We are just now tapping on the spatial dimension of wireless channels; up to now we have just used frequency, time, and polarization for orthogonality. Spatial processing allows theoretically unlimited (bounded by computation, solved by Moore) channel capacity. At the same time, we are beginning to use the available channel resources more efficiently with cognitive radios, which allows much better spectrum utilization. Today, with statically allocated spectrum use, I'd guess that less than 10% of allocated spectrum and time is in active use at any time.


My first thought before even reading the article was: http://www.bufferbloat.net/

Good to see someone else commented about it.


Nice article.
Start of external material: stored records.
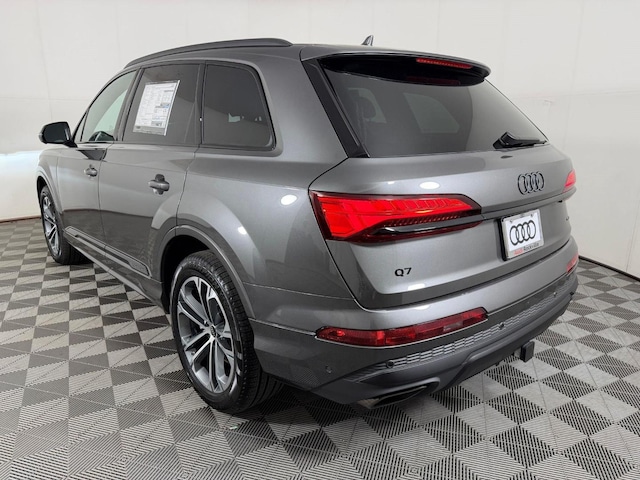 2026 Audi Q7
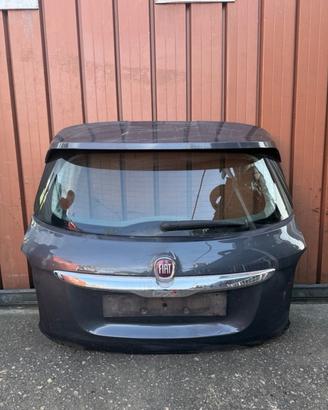 Portellone Completo Bagagliaio Fiat 500x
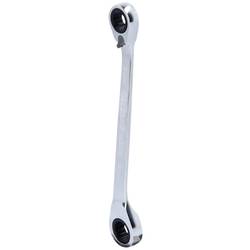 KS Tools 5034571 503.4571 oboustranný očkový klíč Délka klíče (cm) (jen pro nadpis) 8 - 9 mm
The collision avoidance algorithm explanation is very simple, but overall the post is interesting.


Why can't we create more open spectrum?


because that would require your local government to give up the huge buckets of cash they get for licencing it.

£1bn expectation: http://www.mobilebroadband.net/news/2012-spectrum-auction-pr...

£22.5bn for the UK 3G spectrum: http://webcache.googleusercontent.com/search?q=cache%3AMCpcS...


Would it be illegal to sell firmware that uses more spectrum and boosts wifi speeds?

I'm just wondering how hard it would be to jailbreak WiFi.


It would probably not be illegal to sell the firmware - but it would definitely be illegal to use it.


Just because something isn't open, and is less than perfect, doesn't necessarily mean the solution is to replace it with something open.


No, open spectrum in this case means that's its available for use by consumers (wifi, bluetooth) rather then just companies that get a license from the government (cell, radio)


The feds took over radio spectrum in the early days of spark gap transmitters for the "public good." It's just the way it is unless you want to fight the FCC at this point.

One of the major reasons all the consumer wireless devices suck is that only small slices of junk spectrum was given away to these unlicensed devices (ISM band). Additionally, the chaotic nature of open spectrum requires different contention protocols effect the efficiency and jitter characteristics of wireless networks. When you can't just call the feds to kick people off your band you have to "play nice" is possibly wasteful ways.

The original wifi protocol basically took carrier sense multiple access with collision detection (CSMA/CD) and turned it into collision avoidance (CSMA/CA). Instead of backing of after a collision (which we can't detect in wireless) we back off before every transmission - cutting throughput in half.


It's unfortunate there's no mention of using MIMO spatial correlation techniques to increase Performance.


check the end of the article


got to 3gpp.org and read up on how LTE works, many of these problems have been addressed.